They can’t get much worse. Cops take an average of 58 minutes to respond to calls. Just 8.7 percent of violent crimes are solved, compared to 30.5 percent statewide. As many as 78,000 homes and commercial buildings are abandoned, and the city’s total long-term liabilities exceed $18 billion.

Detroit’s bankruptcy carries broad national implications for the nation’s $3.7 trillion municipal finance market, public-sector pension funds and promises of retiree health care for tens of thousands of public employees nationwide — all of whom could be impacted by prospective rulings in a Detroit bankruptcy case.

The filing also is a stunning rebuke of the city’s political class and 50 years of control by a co-dependent alliance of the Democratic Party and public-sector unions whose leaders fueled their campaigns and political needs with public dollars. In the end, their circular self-dealing and refusal to act to avert collapse exposed the people they claim to represent.

Likely losers in the case, filed just 17 minutes before unions persuaded an Ingham County judge to issue a temporary restraining order to block the governor, include some 20,000 city retirees. They stand to lose most of their health care coverage and a portion of their pensions as part of a difficult restructuring.

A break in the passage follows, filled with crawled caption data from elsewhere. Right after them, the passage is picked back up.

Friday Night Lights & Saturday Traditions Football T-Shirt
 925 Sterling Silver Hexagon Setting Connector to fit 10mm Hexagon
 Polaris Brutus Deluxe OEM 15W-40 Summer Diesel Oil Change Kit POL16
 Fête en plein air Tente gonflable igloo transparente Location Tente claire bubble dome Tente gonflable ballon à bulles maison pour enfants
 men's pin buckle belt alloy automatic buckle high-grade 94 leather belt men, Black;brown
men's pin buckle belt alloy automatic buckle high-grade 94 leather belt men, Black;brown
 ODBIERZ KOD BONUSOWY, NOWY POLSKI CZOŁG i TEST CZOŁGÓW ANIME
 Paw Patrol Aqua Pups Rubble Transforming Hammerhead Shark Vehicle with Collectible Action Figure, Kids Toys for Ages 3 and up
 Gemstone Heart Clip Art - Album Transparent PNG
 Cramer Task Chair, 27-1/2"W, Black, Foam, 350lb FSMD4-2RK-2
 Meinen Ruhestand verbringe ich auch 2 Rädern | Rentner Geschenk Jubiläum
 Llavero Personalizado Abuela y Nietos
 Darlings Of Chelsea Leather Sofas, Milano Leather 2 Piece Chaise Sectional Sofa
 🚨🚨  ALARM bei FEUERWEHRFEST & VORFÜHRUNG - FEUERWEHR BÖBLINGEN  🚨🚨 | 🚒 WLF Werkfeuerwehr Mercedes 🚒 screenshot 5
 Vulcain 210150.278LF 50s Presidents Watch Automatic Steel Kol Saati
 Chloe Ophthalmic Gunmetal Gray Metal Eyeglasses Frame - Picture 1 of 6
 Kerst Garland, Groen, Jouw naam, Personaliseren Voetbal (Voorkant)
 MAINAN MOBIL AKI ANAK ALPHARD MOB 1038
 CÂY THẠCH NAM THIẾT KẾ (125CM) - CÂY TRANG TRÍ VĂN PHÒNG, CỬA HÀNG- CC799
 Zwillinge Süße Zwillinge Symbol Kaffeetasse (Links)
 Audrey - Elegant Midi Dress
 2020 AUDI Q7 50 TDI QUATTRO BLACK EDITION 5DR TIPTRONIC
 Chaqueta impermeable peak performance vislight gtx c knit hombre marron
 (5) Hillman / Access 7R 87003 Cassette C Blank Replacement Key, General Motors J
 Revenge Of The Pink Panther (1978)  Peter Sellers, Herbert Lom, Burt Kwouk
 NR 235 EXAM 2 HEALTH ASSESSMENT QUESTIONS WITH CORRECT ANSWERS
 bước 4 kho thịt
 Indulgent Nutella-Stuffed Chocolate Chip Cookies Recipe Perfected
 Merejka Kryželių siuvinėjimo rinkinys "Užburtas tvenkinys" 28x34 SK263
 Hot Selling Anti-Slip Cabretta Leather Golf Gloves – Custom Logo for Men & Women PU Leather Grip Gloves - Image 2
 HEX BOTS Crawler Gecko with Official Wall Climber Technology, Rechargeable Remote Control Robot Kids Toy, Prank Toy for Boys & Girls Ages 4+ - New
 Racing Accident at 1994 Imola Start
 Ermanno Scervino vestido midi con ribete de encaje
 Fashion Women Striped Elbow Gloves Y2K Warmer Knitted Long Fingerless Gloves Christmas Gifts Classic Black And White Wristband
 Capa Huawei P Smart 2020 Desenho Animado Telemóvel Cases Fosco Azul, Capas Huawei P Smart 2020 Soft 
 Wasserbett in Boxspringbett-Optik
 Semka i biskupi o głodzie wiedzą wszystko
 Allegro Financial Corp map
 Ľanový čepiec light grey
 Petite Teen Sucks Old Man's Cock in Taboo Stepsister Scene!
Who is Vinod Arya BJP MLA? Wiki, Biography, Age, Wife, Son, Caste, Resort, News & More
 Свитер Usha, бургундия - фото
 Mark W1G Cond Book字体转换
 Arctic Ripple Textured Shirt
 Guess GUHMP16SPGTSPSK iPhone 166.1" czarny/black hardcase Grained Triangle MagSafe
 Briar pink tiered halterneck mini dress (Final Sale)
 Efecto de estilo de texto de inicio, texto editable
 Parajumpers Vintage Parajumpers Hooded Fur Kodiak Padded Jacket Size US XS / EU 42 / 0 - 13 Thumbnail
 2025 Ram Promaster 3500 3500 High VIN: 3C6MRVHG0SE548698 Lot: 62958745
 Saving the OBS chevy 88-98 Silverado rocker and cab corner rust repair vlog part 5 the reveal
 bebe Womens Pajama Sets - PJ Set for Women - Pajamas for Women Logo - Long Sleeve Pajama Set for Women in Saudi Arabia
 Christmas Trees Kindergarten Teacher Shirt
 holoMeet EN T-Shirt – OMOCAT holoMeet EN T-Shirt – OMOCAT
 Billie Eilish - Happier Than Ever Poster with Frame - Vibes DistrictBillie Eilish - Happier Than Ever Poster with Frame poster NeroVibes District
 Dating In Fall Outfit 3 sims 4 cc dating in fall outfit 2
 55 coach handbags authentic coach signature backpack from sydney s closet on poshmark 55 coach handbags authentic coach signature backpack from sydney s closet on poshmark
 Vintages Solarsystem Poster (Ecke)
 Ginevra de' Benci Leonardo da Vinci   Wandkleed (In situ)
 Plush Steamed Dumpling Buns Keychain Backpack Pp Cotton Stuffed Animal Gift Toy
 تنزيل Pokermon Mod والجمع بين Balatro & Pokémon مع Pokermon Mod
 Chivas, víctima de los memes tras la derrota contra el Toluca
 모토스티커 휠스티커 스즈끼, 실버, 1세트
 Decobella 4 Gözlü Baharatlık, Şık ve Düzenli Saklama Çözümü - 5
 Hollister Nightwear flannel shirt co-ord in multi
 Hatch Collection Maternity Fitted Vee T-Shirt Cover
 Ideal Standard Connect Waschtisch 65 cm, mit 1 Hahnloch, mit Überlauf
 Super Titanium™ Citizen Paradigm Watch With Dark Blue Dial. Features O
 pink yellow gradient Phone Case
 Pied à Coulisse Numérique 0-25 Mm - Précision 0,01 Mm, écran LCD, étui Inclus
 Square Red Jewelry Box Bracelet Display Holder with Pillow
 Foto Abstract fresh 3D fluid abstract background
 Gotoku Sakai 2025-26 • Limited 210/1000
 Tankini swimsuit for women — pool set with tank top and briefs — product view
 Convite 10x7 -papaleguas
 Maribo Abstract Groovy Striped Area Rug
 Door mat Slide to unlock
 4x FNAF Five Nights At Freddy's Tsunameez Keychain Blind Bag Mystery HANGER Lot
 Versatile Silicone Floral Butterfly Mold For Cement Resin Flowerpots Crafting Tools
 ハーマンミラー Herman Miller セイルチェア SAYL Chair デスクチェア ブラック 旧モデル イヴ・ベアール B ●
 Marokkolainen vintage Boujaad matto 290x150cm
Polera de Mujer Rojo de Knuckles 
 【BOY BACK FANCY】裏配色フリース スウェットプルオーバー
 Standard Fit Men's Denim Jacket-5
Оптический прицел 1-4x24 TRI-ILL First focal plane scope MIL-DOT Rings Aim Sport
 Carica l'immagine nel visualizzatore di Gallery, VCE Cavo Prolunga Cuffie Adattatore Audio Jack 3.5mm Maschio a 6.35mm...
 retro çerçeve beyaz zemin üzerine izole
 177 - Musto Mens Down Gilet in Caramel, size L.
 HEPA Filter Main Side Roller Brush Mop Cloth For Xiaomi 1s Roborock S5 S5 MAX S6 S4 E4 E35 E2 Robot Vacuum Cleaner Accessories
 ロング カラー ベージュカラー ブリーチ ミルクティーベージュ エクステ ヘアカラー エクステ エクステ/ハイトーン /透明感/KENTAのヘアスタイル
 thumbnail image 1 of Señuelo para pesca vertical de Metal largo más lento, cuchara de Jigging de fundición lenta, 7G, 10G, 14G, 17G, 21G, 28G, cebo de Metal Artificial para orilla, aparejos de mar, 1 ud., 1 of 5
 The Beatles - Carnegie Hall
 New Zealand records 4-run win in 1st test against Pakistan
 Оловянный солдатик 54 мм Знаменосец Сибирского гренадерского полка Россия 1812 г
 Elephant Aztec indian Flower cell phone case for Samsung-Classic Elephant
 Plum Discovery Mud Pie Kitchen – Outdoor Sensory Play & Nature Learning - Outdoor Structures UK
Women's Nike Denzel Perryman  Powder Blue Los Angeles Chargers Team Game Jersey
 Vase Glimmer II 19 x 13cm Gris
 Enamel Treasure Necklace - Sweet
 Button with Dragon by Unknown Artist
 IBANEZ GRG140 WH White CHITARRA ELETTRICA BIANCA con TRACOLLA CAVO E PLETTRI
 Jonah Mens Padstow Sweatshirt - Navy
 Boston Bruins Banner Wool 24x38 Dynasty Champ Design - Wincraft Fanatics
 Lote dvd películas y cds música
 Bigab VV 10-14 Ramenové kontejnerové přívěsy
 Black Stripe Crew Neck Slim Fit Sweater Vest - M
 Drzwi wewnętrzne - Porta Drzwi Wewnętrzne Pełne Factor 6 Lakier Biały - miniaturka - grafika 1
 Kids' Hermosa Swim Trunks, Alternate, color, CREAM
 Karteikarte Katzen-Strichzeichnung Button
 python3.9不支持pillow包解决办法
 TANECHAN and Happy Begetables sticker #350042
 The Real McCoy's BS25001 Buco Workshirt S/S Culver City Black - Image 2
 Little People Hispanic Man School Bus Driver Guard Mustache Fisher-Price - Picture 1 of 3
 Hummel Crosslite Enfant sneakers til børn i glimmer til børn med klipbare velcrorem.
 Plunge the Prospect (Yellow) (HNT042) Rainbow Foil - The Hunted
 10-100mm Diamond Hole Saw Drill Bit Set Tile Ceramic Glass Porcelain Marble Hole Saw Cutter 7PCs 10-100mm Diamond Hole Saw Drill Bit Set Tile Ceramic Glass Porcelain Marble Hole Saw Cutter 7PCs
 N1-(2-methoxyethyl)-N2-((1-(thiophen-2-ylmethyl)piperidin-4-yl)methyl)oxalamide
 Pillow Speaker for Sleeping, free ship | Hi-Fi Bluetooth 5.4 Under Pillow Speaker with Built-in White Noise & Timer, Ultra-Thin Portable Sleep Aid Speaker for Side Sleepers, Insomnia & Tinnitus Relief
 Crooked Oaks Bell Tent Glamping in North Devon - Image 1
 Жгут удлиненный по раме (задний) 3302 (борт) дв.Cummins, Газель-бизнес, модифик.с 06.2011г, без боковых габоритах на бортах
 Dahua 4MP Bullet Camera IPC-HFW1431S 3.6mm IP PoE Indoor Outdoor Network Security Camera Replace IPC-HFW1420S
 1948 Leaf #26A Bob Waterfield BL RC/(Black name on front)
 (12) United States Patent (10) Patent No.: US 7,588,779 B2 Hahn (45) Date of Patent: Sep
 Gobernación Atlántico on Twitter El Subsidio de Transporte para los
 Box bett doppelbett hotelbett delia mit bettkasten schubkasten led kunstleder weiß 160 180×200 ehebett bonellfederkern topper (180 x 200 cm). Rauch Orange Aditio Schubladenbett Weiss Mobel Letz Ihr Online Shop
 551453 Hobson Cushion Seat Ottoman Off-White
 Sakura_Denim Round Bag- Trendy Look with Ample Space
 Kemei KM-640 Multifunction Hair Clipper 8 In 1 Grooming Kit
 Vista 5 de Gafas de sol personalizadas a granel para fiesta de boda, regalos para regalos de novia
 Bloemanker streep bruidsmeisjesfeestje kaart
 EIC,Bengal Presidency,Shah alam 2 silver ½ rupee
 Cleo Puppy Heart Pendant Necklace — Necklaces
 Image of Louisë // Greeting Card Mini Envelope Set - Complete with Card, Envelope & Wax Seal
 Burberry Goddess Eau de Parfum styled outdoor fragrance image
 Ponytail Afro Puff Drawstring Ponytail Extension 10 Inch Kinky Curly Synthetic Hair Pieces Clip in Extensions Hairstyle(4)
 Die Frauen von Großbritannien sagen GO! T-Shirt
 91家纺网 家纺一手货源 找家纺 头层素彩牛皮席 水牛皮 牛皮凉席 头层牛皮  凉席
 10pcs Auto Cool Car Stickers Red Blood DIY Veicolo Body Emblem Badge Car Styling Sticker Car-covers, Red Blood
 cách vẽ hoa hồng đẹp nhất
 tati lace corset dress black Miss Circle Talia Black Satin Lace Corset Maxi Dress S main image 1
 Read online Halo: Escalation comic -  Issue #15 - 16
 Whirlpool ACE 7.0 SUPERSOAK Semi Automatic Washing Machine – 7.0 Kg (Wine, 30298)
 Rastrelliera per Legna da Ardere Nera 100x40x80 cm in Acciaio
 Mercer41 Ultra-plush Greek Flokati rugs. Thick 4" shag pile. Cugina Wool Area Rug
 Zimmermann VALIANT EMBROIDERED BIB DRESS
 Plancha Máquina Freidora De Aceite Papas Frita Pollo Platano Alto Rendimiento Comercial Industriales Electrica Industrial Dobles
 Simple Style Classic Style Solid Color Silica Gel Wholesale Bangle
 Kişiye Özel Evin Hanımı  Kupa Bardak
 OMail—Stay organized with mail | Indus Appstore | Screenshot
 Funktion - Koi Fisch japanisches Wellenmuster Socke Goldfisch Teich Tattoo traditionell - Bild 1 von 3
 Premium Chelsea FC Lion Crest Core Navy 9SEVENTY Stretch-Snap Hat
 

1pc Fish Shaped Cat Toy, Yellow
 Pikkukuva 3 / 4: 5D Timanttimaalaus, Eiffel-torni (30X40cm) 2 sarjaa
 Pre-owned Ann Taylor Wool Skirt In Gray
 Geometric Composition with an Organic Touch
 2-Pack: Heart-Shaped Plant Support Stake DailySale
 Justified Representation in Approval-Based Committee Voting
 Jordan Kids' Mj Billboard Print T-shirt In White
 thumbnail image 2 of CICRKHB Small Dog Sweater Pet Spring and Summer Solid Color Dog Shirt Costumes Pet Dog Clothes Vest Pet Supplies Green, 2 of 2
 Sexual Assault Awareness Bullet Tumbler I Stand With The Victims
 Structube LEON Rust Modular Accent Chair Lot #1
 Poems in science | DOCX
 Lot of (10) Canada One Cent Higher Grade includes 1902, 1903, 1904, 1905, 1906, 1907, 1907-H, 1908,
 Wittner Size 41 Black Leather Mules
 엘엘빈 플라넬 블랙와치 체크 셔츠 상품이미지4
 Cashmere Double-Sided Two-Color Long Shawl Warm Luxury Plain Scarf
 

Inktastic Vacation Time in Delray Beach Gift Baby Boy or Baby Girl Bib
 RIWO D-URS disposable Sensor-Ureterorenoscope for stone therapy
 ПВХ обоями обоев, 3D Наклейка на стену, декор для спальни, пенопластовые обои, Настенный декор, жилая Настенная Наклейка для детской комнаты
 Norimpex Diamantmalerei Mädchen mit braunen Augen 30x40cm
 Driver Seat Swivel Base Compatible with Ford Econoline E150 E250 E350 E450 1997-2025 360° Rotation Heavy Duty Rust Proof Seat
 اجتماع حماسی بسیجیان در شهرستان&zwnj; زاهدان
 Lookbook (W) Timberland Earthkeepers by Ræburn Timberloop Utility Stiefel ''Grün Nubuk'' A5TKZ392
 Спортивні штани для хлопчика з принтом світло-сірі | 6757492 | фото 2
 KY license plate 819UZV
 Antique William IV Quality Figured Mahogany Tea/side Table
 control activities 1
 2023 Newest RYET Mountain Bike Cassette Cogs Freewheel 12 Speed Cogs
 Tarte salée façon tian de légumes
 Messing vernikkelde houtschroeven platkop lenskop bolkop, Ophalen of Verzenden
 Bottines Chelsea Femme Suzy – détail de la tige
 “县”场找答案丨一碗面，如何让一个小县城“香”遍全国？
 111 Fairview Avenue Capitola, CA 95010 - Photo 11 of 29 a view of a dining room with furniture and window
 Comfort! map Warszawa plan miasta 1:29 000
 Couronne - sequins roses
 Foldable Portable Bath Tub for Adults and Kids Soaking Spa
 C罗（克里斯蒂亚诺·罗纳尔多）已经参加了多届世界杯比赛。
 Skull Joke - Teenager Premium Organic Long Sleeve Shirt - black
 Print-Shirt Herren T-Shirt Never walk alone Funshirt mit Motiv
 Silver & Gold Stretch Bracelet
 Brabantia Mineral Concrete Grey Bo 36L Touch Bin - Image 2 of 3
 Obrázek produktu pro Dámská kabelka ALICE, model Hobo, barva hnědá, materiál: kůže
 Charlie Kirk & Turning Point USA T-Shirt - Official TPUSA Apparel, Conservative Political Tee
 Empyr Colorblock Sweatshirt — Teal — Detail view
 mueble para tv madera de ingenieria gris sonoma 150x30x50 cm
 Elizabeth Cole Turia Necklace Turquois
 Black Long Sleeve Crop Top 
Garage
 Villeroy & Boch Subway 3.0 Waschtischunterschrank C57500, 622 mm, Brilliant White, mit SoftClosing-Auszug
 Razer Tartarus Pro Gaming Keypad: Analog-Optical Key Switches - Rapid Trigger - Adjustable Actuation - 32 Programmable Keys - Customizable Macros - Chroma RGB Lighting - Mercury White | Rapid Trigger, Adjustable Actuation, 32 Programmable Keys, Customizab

Public-sector unions could see a cornerstone of their reason for being — the defined-benefit pension — eroded by rulings that could pierce the constitutional protection of pensions as a contractual right. And general obligation bond holders could be treated as unsecured creditors, overturning the assumption that a cash-strapped city can meet its obligations simply by raising taxes.

The municipal bond market, accustomed to protection in the bankruptcy, won’t take it well if Orr persuades a bankruptcy judge to declare general obligation bondholders to be unsecured creditors. Matt Fabian, an analyst with Municipal Market Advisors, predicted Detroit’s bankruptcy “won’t act as a cleansing process.”

“They will likely pay punitive interest rates for the foreseeable future,” he told The Detroit News.

The arc of the bankruptcy is likely to reverberate nationwide, determining whether cities in financial distress could use Chapter 9 to jettison the legacy burden of pensions for public-sector employees, even those whose payouts appear to be protected by state constitutions.

In Michigan, Detroit’s collapse into bankruptcy raises fears that borrowing for municipalities and school districts will become more costly because the state is backing Orr’s contention that general obligation debt is not backed by taxing powers.

And the tortured legal process ahead is not likely to be reassuring for such city assets as the Detroit Institute of Arts, whose priceless city-owned collection already has captured the attention of creditors looking to wring liquid value from deadbeat Detroit. For the DIA, Thursday’s filing isn’t an end; it’s the beginning.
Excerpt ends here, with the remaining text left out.